**EXERCISE BRIEF:**
Without any images, write the listing below out word for word.

**INPUT DATA:**
---*---
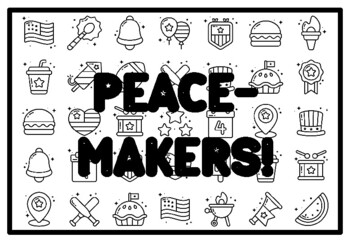 PEACE-MAKERS! Peace Coloring Pages, Patriotic Coloring Pages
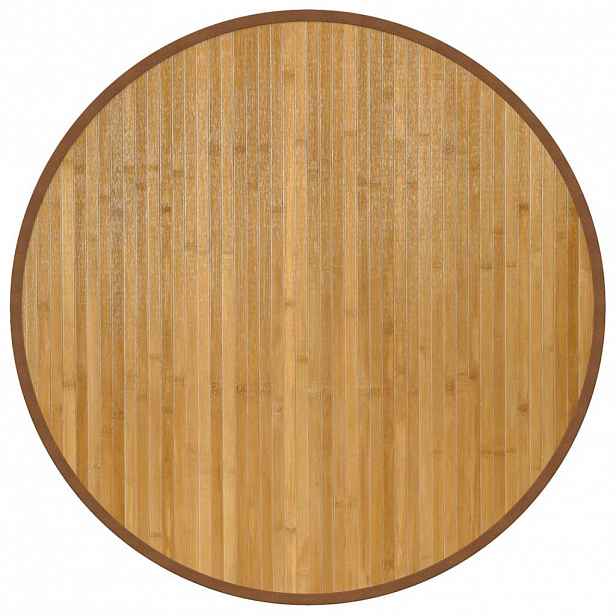 vidaXL Koberec kulatý přírodní 80 cm bambus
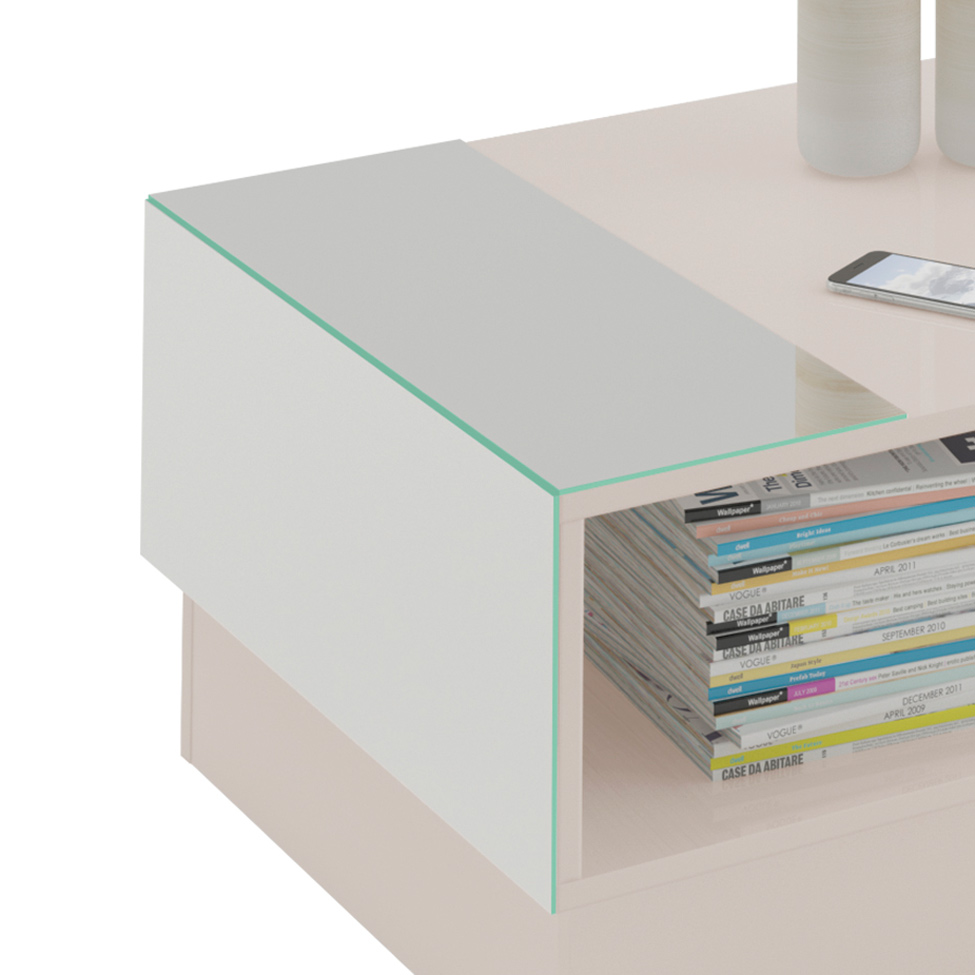 Mesa de Centro Retangular Detroit Off White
---*---
**PROBLEM SOLUTION:**
 PEACE-MAKERS! Peace Coloring Pages, Patriotic Coloring Pages
 vidaXL Koberec kulatý přírodní 80 cm bambus
 Mesa de Centro Retangular Detroit Off White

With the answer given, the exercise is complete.